El error de imprimir demasiado: cómo calcular material publicitario sin acabar tirando cajas de folletos

Encargar una gran cantidad de folletos puede parecer una decisión inteligente. El precio unitario suele bajar, la empresa se asegura material para varias semanas y nadie quiere quedarse sin flyers justo cuando empieza una campaña. El problema aparece meses después, cuando todavía quedan cajas enteras almacenadas y el contenido impreso ya no sirve porque ha cambiado un precio, una promoción, un teléfono o incluso la imagen de la empresa.

Imprimir bien no significa imprimir mucho. Significa calcular una tirada razonable para el objetivo real de la campaña. Una buena Imprenta barata Madrid puede ayudar a ajustar costes, pero la rentabilidad final depende también de no producir miles de unidades que acabarán sin utilizarse.

El precio por unidad puede resultar engañoso

Cuando se comparan tiradas, es habitual fijarse únicamente en cuánto cuesta cada folleto.

Por ejemplo, imprimir 10.000 unidades puede tener un precio por copia mucho más atractivo que imprimir 2.000. Pero si finalmente solo se reparten 3.500, el cálculo deja de ser tan favorable.

La pregunta correcta no es:

¿Cuánto cuesta imprimir más?

Sino:

¿Cuánto material puedo repartir realmente mientras siga siendo válido?

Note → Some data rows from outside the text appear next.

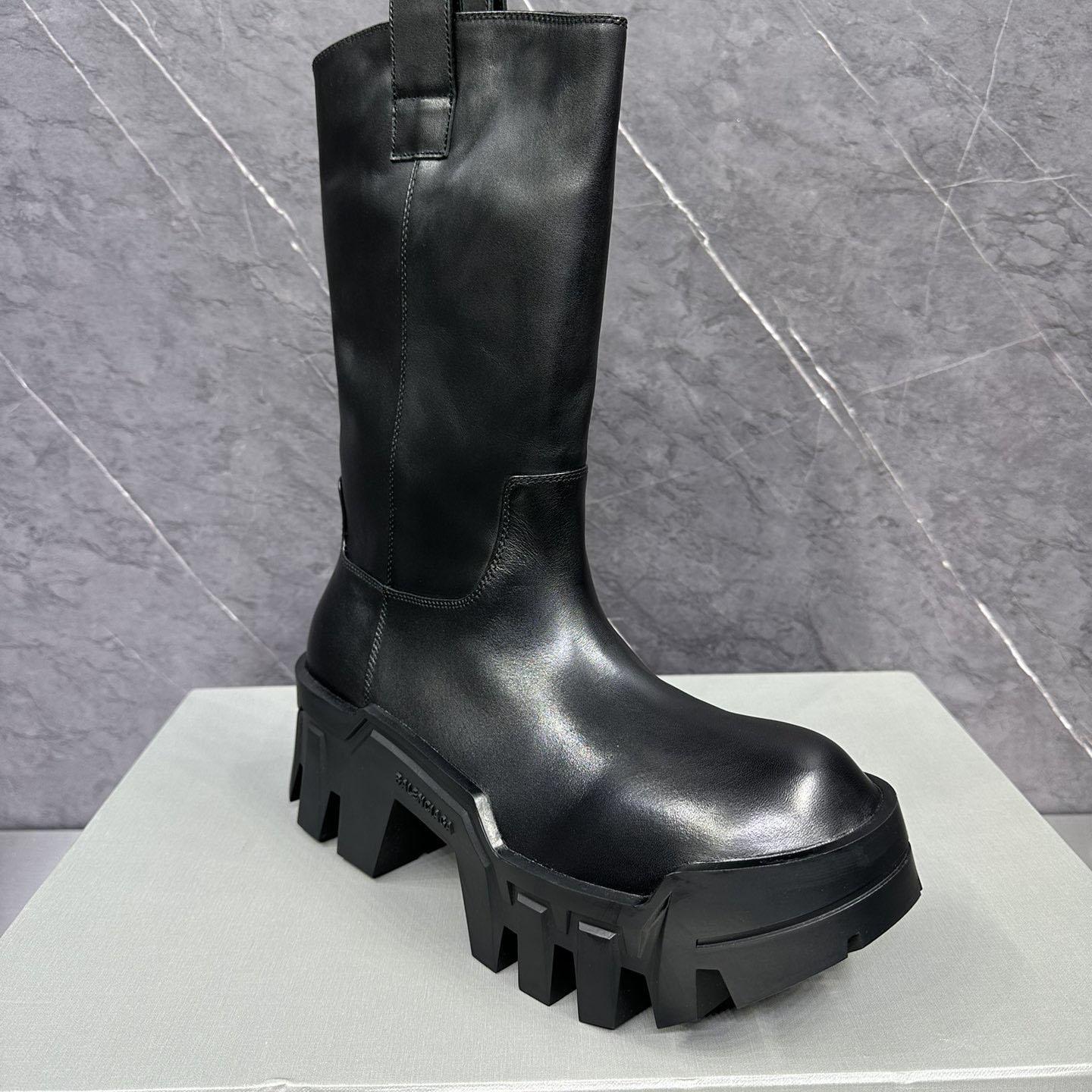 Balenciaga Bulldozer Leather Boots - DesignerGu
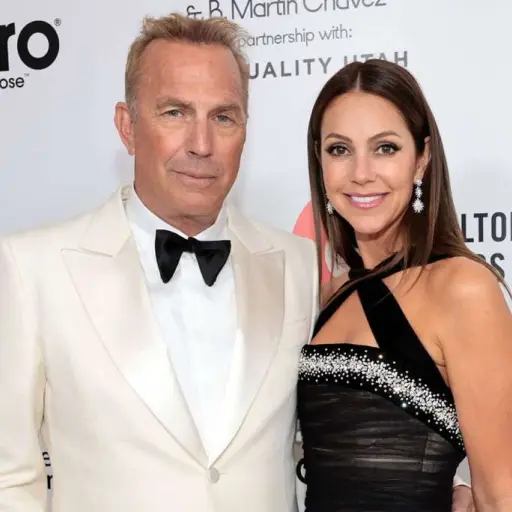 Kevin Costner y Christine Baumgarther ,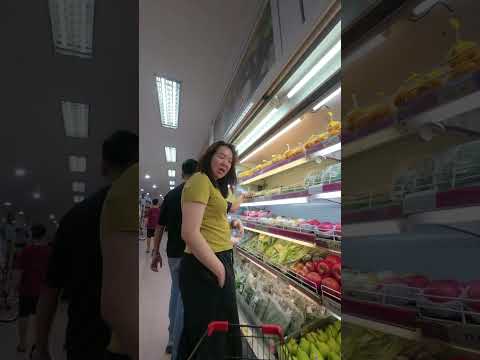 suatu malam mencari ko kue dan buah buah #yolo #adventurewithyou #vlog #adayinmylife #wuivlog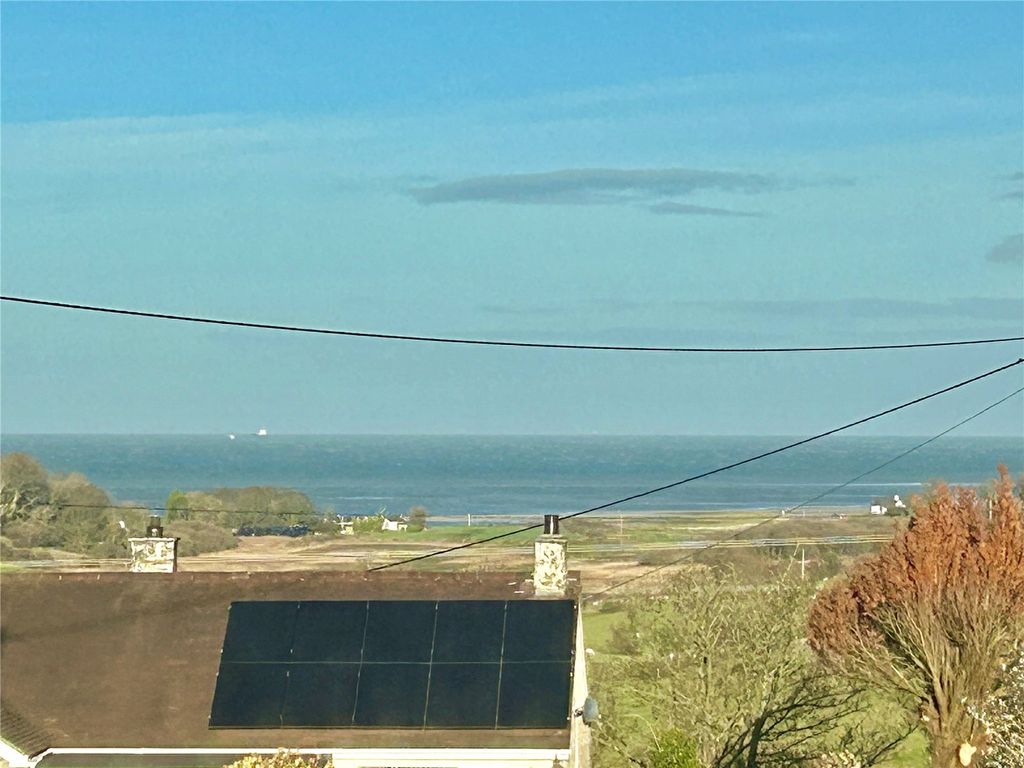 Property photo 2 of 32 Picture No. 29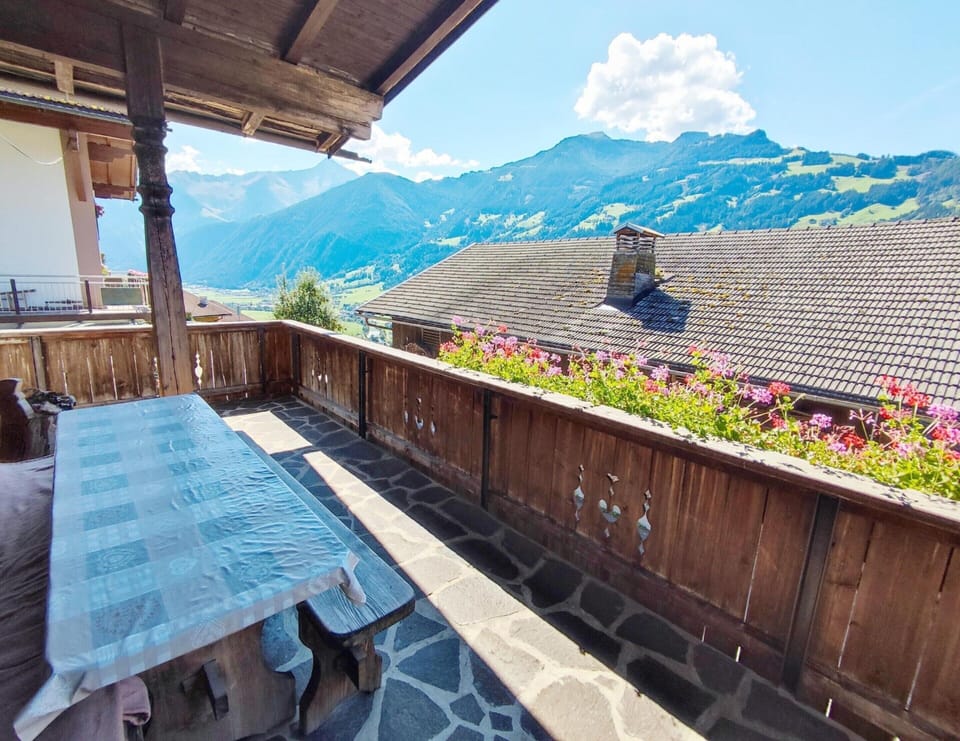 House | Balcony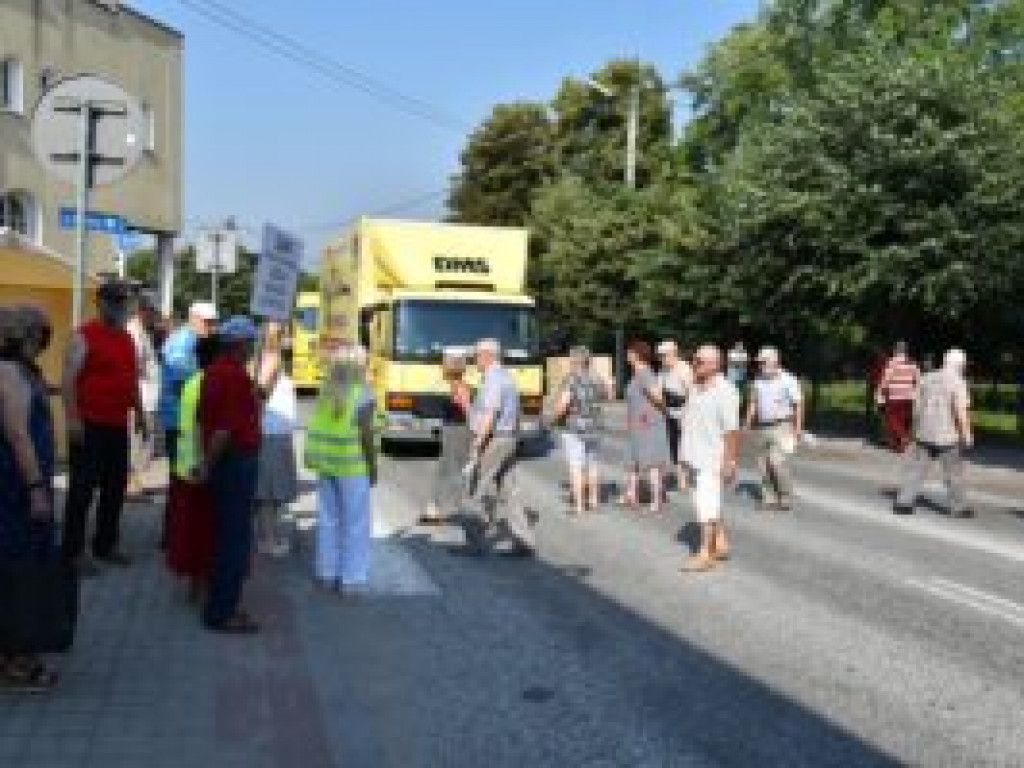 Protest w Klimontowie. Mieszkańcy żądają obwodnicy [wideo], [zdjęcia]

Ese pequeño cambio de perspectiva evita muchas compras excesivas.

Antes de imprimir hay que conocer cómo se distribuirá

La cantidad necesaria depende muchísimo del tipo de campaña.

No necesita la misma tirada una promoción que se repartirá durante una mañana en una calle concreta que un folleto destinado a varias semanas de buzoneo.

Conviene tener claros al menos estos datos:

  • Número aproximado de puntos de reparto.
  • Duración de la campaña.
  • Cantidad de repartidores.
  • Zona geográfica.
  • Público disponible.
  • Porcentaje de reserva.
  • Posibilidad de repetir la acción.

Con esos datos se puede realizar una estimación mucho más lógica antes de solicitar presupuesto a una Imprenta barata Madrid.

Cuidado con los materiales que caducan rápidamente

No todos los folletos envejecen igual.

Un flyer corporativo que presenta servicios generales puede utilizarse durante bastante tiempo. En cambio, uno que incluya un descuento, una fecha, una tarifa concreta o una promoción especial tendrá una vida muy corta.

Cuanto más temporal sea el mensaje, menor debería ser el exceso

Esto afecta especialmente a:

  1. Promociones de apertura.
  2. Campañas estacionales.
  3. Rebajas.
  4. Eventos.
  5. Menús con precios.
  6. Ofertas limitadas.

En estos casos suele ser preferible realizar una tirada algo más prudente y reimprimir si la campaña funciona.

Reservar un margen sí tiene sentido

Calcular bien no significa imprimir exactamente el número de unidades que se espera repartir. Siempre resulta conveniente disponer de una pequeña reserva.

Puede haber:

  • folletos deteriorados,
  • nuevas oportunidades de reparto,
  • peticiones adicionales,
  • establecimientos colaboradores,
  • o ampliaciones de la campaña.

Lo razonable es trabajar con un margen, pero no convertir ese margen en miles de unidades extra únicamente porque el coste por unidad parezca atractivo.

Imprimir menos también permite experimentar

Las tiradas más contenidas tienen otra ventaja: permiten aprender.

Una empresa puede probar dos diseños, modificar una llamada a la acción o utilizar diferentes promociones y comprobar cuál funciona mejor antes de hacer una impresión mayor.

Este enfoque resulta especialmente interesante cuando se combina publicidad física con medición mediante:

  • códigos QR,
  • URLs específicas,
  • cupones,
  • teléfonos concretos,
  • o descuentos identificables.

Así la siguiente tirada deja de basarse en intuiciones.

El folleto más barato es el que realmente se utiliza

Buscar una Imprenta barata Madrid tiene todo el sentido cuando se quiere optimizar presupuesto, pero el ahorro no debería limitarse al coste de fabricación. También debe tenerse en cuenta el desperdicio.

Miles de flyers baratos dentro de una caja siguen siendo dinero inmovilizado.

La mejor impresión es aquella que llega al público adecuado mientras el mensaje continúa siendo válido. Por eso, antes de confirmar una tirada, conviene pensar menos en cuánto se ahorra añadiendo unidades y más en cuántas se podrán repartir de forma realista.

Imprimir con cabeza suele ser bastante más barato que imprimir por exceso.